DATA UNDER STUDY: Begin

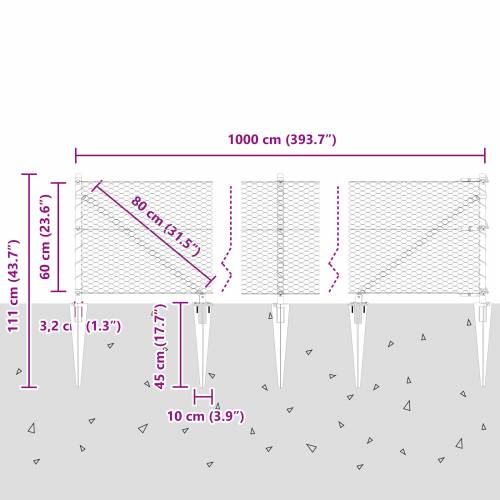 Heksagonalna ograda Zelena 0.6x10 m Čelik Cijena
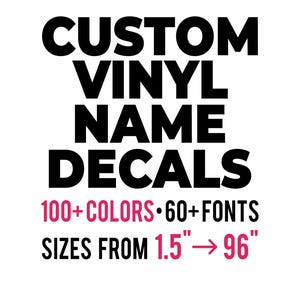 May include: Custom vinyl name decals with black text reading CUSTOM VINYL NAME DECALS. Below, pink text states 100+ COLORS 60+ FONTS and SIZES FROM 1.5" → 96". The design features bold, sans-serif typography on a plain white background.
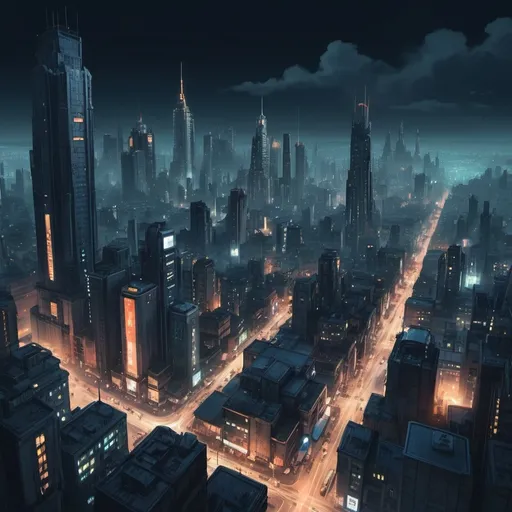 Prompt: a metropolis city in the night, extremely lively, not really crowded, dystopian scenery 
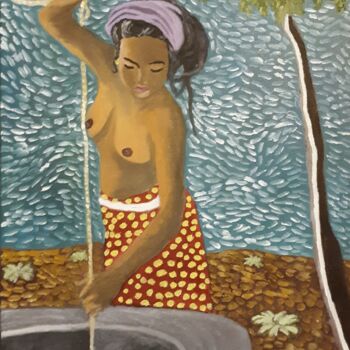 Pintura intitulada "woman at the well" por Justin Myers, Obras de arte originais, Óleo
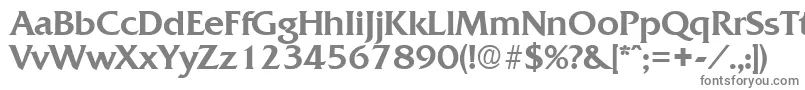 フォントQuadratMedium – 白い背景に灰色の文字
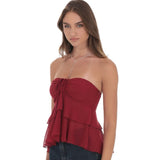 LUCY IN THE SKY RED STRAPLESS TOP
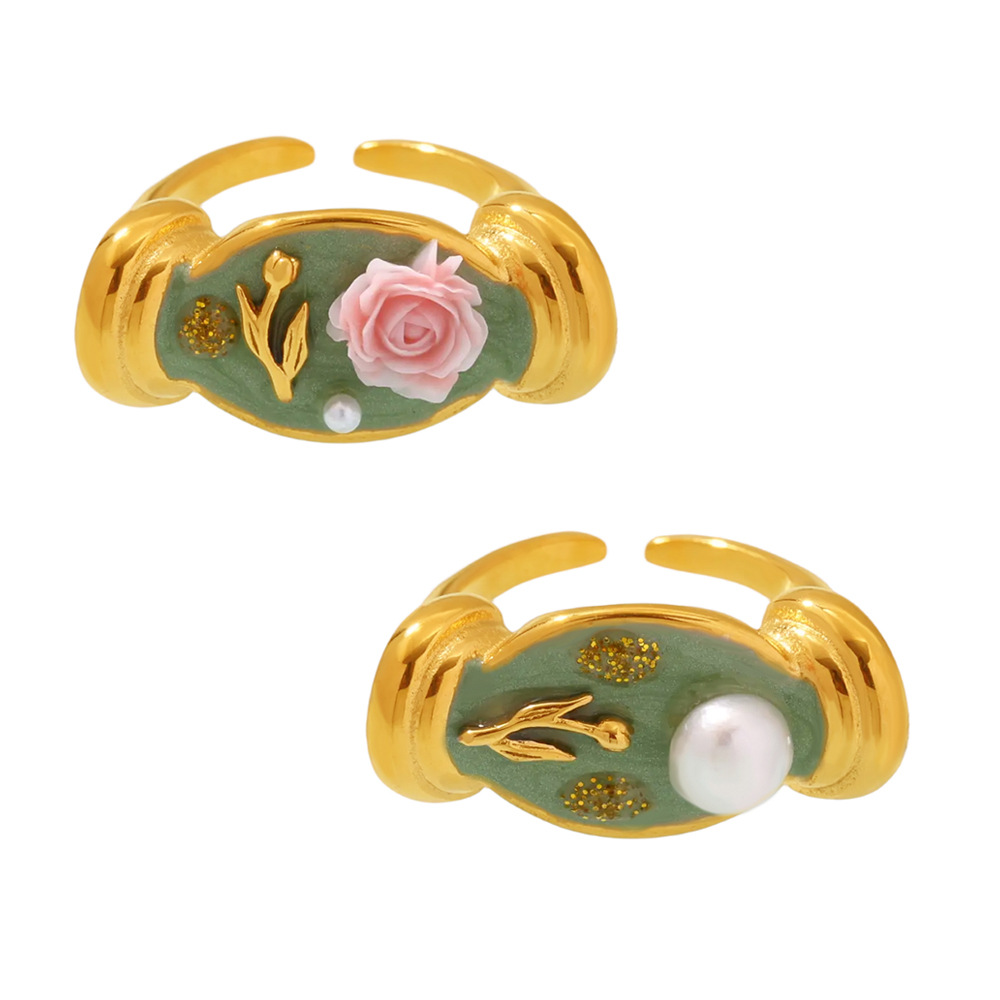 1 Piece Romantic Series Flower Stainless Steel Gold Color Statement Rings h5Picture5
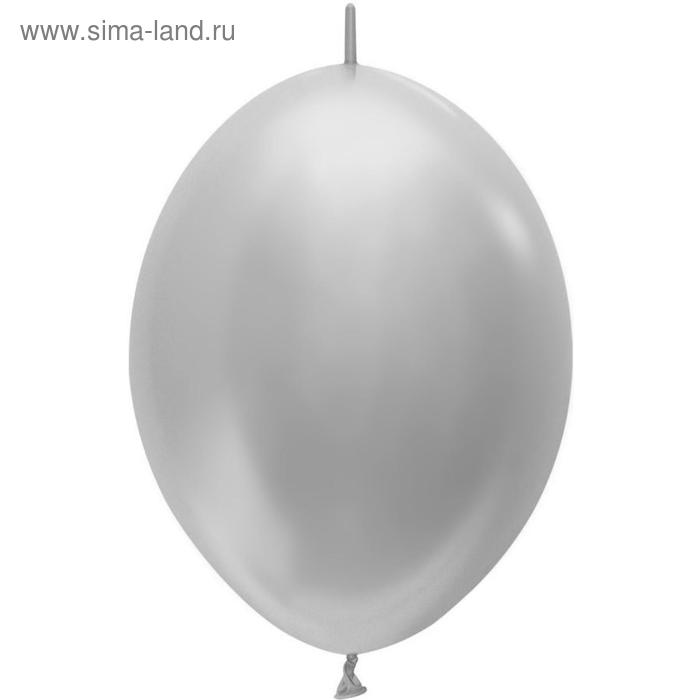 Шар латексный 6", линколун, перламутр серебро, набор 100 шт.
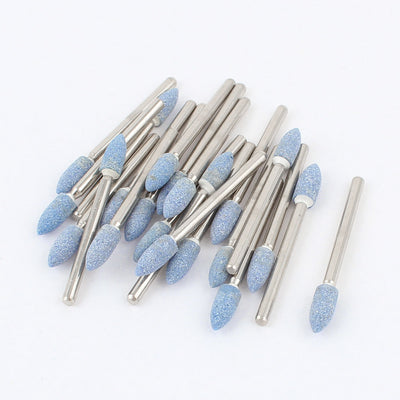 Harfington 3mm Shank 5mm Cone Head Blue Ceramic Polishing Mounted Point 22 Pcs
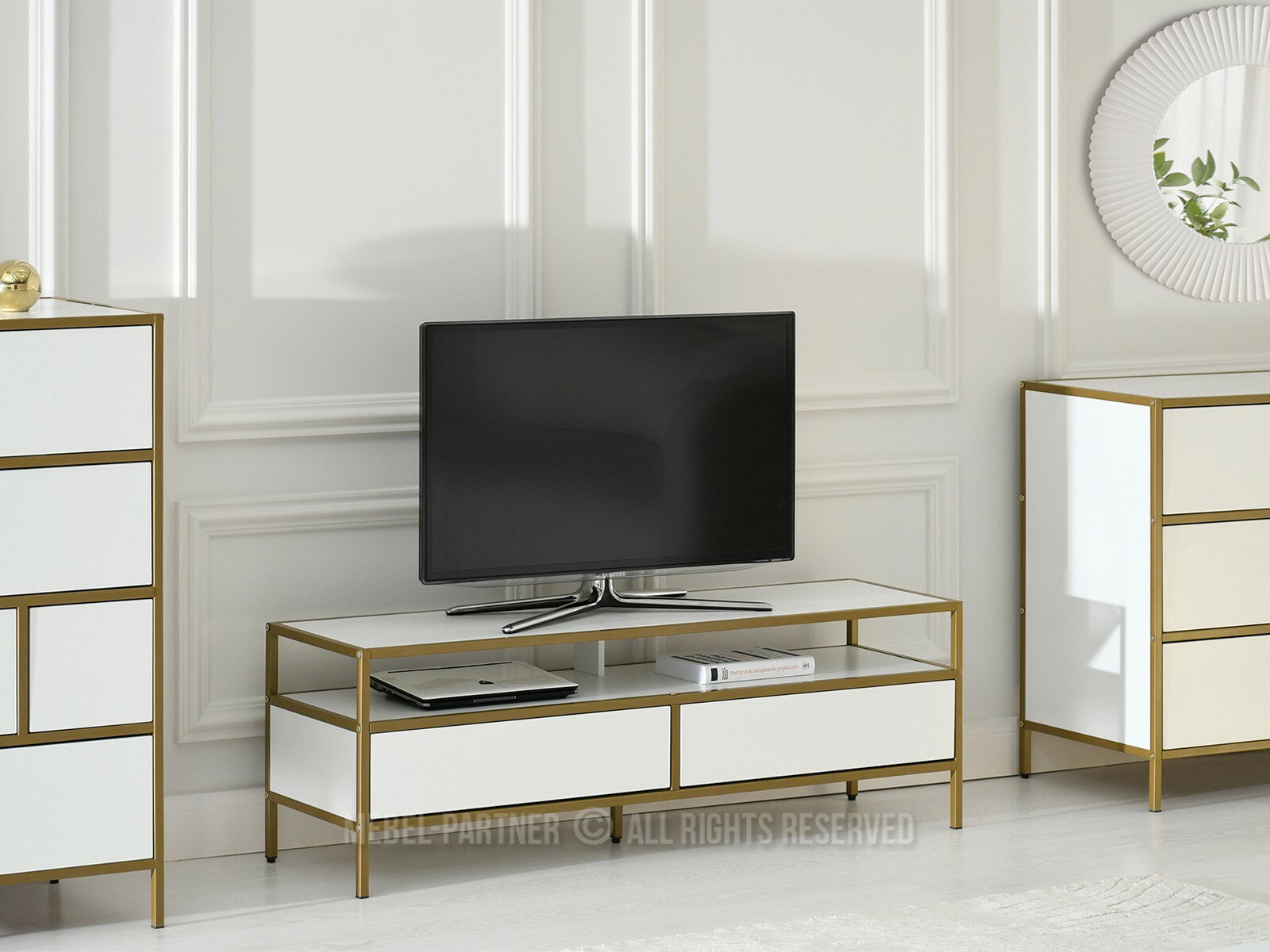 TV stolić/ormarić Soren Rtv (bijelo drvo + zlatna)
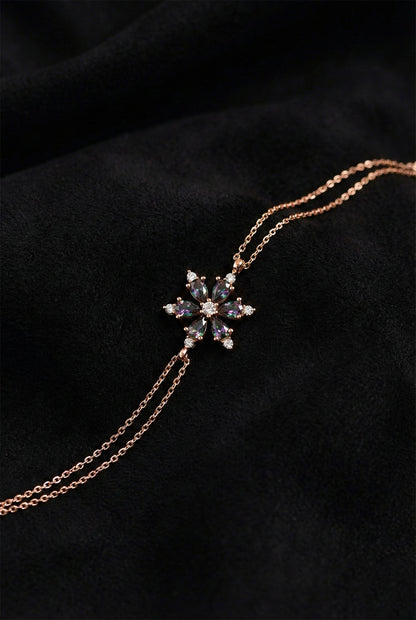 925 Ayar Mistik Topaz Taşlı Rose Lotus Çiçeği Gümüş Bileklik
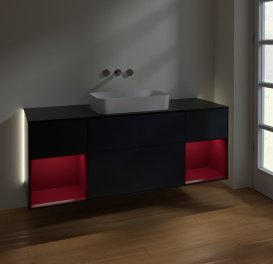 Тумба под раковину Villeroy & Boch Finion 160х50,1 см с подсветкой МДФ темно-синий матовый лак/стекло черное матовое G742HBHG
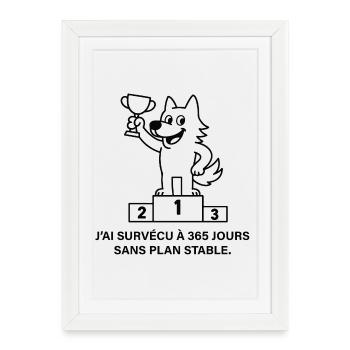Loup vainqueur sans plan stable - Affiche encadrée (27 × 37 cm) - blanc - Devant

DATA UNDER STUDY: End

WORK TASK: Give again, exactly as written above, each line from the one that has "May include: Custom" to the one that has "TV stolić/ormarić Soren", both included; omit the pictures.

WRITTEN RESPONSE:
 May include: Custom vinyl name decals with black text reading CUSTOM VINYL NAME DECALS. Below, pink text states 100+ COLORS 60+ FONTS and SIZES FROM 1.5" → 96". The design features bold, sans-serif typography on a plain white background.
 Prompt: a metropolis city in the night, extremely lively, not really crowded, dystopian scenery 
 Pintura intitulada "woman at the well" por Justin Myers, Obras de arte originais, Óleo
 フォントQuadratMedium – 白い背景に灰色の文字
 LUCY IN THE SKY RED STRAPLESS TOP
 1 Piece Romantic Series Flower Stainless Steel Gold Color Statement Rings h5Picture5
 Шар латексный 6", линколун, перламутр серебро, набор 100 шт.
 Harfington 3mm Shank 5mm Cone Head Blue Ceramic Polishing Mounted Point 22 Pcs
 TV stolić/ormarić Soren Rtv (bijelo drvo + zlatna)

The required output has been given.